Few wedding-related tasks bring out the stress like setting up a wedding registry.
It’s an ugly combination of emotions. There are lots of decisions to be made, there’s a nagging feeling of greediness inherent in asking for gifts, and yes — for many couples there are going to be disputes about what the newly married household does and doesn’t need.
Navigating that minefield can be a delicate dance. Here are some key tips for grooms facing the creation of their wedding registries:
- Remember that wedding registries aren't mandatory
- Divide up the tasks and choices
- Go digital
- Create a wide range of prices
- Know how you're getting the word out
- Consider an online wedding registry
#1 Remember That Wedding Registries Aren’t Mandatory
It’s worth keeping in mind that you and your intended don’t have to register anywhere.
The modern wedding registry — effectively just a wishlist of gifts, often streamlined for easy purchase online — is a recent creation. For most of modern history, wedding gifts have been selected individually by the guests, based on their own knowledge of and wishes for the marrying couple.
Avoiding a registry is certainly the easiest and most stress-free way to handle wedding gifts. The answer to everyone’s questions will always be the same: “There’s no registry; please feel free to bring whatever you think is appropriate.”
Unless you have a specific reason for wanting your guests directed to a particular store or company, give some thought to the no-registry option.
#2 Divide Up The Choices
If you do go with a registry, the big concern is usually making sure that there are items for both the bride and the groom on there.
At the risk of stereotyping, a lot of the big housewares store chains (Bed Bath & Beyond, etc.) aren’t the most guy-focused businesses.
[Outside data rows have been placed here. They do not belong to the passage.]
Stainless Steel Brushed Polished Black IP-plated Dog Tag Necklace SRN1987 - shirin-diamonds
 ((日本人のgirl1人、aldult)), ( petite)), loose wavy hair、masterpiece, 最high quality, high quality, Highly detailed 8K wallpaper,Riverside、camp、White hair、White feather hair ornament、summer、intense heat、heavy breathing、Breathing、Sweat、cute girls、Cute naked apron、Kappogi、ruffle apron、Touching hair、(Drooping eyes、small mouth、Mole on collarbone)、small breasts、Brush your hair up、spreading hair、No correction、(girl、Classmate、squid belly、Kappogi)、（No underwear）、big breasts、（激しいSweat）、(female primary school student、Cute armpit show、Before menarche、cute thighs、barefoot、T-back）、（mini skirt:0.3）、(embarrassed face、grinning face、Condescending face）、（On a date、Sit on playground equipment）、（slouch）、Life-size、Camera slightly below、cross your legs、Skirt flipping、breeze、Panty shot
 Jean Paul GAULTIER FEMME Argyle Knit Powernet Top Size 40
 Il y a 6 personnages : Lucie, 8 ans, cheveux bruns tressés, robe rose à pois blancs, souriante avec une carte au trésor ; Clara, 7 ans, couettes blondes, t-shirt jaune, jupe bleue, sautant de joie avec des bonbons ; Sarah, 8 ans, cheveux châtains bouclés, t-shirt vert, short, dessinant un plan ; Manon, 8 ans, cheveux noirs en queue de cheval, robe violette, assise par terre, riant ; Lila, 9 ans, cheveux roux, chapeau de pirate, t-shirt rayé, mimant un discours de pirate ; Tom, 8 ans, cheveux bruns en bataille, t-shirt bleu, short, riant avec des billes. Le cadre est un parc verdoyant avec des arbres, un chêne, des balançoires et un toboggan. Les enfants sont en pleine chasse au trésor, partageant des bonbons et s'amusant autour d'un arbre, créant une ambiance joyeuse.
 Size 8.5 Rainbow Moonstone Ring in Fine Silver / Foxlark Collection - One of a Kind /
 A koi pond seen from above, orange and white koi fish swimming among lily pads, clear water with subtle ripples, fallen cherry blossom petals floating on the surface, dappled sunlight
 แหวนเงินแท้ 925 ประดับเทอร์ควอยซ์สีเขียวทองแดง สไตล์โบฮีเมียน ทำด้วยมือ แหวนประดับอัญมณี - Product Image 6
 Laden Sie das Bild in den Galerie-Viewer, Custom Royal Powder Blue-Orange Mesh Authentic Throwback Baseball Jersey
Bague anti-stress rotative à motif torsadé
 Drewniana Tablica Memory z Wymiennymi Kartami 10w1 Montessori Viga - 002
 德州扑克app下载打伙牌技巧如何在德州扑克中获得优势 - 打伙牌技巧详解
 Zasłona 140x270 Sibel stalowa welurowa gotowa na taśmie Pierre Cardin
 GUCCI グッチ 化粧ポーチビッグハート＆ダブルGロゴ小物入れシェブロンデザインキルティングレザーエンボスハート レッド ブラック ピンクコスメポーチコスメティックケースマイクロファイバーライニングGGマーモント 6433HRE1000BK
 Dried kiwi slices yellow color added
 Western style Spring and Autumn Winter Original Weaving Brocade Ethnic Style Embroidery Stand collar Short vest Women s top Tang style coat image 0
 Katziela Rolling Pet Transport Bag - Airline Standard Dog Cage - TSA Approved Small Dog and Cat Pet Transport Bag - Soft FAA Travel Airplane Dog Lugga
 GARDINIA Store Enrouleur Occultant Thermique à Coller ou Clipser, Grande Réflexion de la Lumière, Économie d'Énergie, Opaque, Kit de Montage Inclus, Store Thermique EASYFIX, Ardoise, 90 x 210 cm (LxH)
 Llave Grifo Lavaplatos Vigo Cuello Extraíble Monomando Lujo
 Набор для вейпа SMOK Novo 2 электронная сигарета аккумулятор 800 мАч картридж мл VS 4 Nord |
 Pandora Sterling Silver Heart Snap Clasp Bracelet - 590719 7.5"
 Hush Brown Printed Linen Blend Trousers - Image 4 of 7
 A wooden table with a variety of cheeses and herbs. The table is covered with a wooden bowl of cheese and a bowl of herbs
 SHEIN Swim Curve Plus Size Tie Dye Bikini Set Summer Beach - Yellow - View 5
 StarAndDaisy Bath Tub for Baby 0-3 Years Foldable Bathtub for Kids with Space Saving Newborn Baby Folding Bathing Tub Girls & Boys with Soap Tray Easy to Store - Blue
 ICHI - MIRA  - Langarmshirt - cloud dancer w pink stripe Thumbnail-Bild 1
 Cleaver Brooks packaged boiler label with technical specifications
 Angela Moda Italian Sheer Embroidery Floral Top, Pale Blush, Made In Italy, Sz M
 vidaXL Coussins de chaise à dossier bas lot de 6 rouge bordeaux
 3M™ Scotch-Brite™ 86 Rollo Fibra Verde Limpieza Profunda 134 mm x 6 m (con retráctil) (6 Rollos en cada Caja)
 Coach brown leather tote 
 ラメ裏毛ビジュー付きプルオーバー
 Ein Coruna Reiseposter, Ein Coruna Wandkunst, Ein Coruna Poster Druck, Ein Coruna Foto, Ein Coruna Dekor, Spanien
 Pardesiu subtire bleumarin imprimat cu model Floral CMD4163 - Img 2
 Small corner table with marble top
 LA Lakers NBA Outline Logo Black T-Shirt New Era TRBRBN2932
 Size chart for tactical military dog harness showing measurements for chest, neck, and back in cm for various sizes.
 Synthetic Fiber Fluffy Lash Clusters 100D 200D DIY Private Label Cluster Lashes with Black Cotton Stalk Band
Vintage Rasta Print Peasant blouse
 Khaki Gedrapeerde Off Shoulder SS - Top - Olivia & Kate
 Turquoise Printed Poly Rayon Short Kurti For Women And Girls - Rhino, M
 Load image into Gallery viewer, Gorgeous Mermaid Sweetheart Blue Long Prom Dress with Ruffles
If you’re registering exclusively at places like that, it’s easy for the groom to feel left out.
These days, it’s common for a couple to register at three stores. Use that number to give everyone some options. Have one conventional houseware store if you must, but consider throwing something a little more guy-friendly on as well — anything from a more artsy design studio to a home improvement store.
Then divide up the construction of the registries as well. If the groom gets a Home Depot registry, he has to make the Home Depot registry — it’s only fair.
The divide-and-conquer approach can leave everyone feeling like they got a say in the creation of the registries, and got some support in the process of making them. It’s well worth your while if you are doing conventional registries.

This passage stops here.